1996. This was not a time in the world where depression, mental illness or suicide were discussed or brought to light. I am not sure I even knew what any of it was. There was no “better together”, “bell lets talk” or anything like this. There was no awareness of any kind.
Yet, as we meet the doctor that pronounced my brothers time of death and we are asked if he had a history of depression….. my mom, my dad and I all answered yes. What in the %^*$*? How did we know this? We had never talked about it.
Did my brother have a history of depression? Well I think only he could answer that question. Are people who commit suicide depressed or do they suffer from other mental illness? I also think they are the only ones who can answer that question. All humans are different, we all cope and suffer differently. The levels of life and stress that we can handle is not the same.
Is there an incident that is the one that makes life too heavy? I think that is also individually decided. Maybe there were signs, but in 1996 we certainly didn’t know them. Kevin had trouble keeping a job and he was always needing money. He was gifted athletically and I feel like he had trouble accepting it when he didn’t make it to the levels he expected of himself. He also hid behind a lot of untruths. The summer before his death, he said he had a job working for the town. I actually do not know if he even had this job at all, or if he had it and was fired from it. He hid this from us, by getting up every morning and going to work then coming home when work was done – but he didn’t actually go to work and we don’t know where he went all day. Was this depression? I do not know, but I don’t need to.
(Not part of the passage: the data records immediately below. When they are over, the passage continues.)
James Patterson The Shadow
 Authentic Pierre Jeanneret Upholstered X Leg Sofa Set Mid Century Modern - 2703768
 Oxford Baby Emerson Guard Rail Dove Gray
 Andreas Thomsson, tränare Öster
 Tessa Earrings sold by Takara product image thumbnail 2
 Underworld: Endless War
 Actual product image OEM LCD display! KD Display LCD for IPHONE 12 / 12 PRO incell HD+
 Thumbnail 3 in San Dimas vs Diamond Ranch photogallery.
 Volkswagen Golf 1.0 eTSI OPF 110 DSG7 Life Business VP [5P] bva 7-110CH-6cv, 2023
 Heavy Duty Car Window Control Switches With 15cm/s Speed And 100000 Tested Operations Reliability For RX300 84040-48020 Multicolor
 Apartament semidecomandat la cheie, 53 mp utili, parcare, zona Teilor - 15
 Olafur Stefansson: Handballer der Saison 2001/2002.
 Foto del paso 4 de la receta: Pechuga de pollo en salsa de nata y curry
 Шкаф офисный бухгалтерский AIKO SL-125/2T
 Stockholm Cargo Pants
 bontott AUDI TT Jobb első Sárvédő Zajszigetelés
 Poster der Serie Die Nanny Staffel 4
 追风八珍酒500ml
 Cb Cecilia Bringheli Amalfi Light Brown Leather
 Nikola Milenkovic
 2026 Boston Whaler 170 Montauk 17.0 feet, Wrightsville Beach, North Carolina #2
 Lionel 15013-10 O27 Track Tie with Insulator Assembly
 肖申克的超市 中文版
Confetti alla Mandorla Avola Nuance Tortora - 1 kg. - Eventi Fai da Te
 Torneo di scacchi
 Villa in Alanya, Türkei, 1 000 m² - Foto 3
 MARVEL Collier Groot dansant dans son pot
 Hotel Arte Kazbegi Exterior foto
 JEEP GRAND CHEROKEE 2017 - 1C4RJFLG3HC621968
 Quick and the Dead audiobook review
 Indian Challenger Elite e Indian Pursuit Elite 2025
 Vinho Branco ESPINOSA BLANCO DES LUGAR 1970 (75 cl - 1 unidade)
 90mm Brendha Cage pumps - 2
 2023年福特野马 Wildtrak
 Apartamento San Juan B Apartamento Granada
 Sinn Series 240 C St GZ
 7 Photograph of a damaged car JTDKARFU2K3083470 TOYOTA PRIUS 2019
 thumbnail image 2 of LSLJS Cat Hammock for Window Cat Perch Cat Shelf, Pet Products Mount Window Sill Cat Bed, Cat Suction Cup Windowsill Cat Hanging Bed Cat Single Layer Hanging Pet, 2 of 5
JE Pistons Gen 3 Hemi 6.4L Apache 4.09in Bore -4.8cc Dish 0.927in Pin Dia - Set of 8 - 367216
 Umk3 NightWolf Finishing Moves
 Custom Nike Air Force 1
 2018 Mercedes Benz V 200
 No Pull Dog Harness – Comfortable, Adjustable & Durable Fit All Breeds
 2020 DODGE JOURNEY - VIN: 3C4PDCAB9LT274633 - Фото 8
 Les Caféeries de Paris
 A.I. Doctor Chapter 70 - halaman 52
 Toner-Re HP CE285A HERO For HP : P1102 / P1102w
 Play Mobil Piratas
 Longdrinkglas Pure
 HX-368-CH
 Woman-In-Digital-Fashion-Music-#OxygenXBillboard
My dad was very ill that summer. He had been diagnosed with cardiomyopathy. He spent many weeks in the hospital and we were very focused on him. Did we miss the signs of depression because of this? I do not know. My mom told me that she and Kevin had discussed dads illness and how serious it was. His response was that if he was ever that sick he would probably choose to end things himself rather than be in a hospital sick. After he took his life, my mom always felt like that was his way of asking her if it was ok.
The last weekend he came home he was so happy. His smile was captivating. Many of his friends remember this weekend as he made a point of stopping in to see them. In the aftermath, we all know that he had made his decision and he was feeling peaceful and he was home to say goodbye. I remember this weekend like it was yesterday.
A week later, he went to the mac’s store near his ex-girlfriends apartment(where he had been staying without her permission)and he stole cold medication capsules from the boxes (leaving the boxes on the shelf) and went back to her apartment. He took rat poison to thin his blood and then all of the cold medication and laid down on her couch and fell asleep and asphyxiated. She found him when she came back to Saskatoon that night to start her second year of university. This is the story the police and doctors pieced together from the apartment and his tox screen.
My brother always had many friends. He had a good heart. And he is still missed to this day by so many. Death leaves a big hole, that never gets filled. Suicide in my opinion leaves an even bigger hole. A friend of his told me that she felt we all played, loved and lived a little harder because he couldn’t. This is one of his parts in walking all of us home.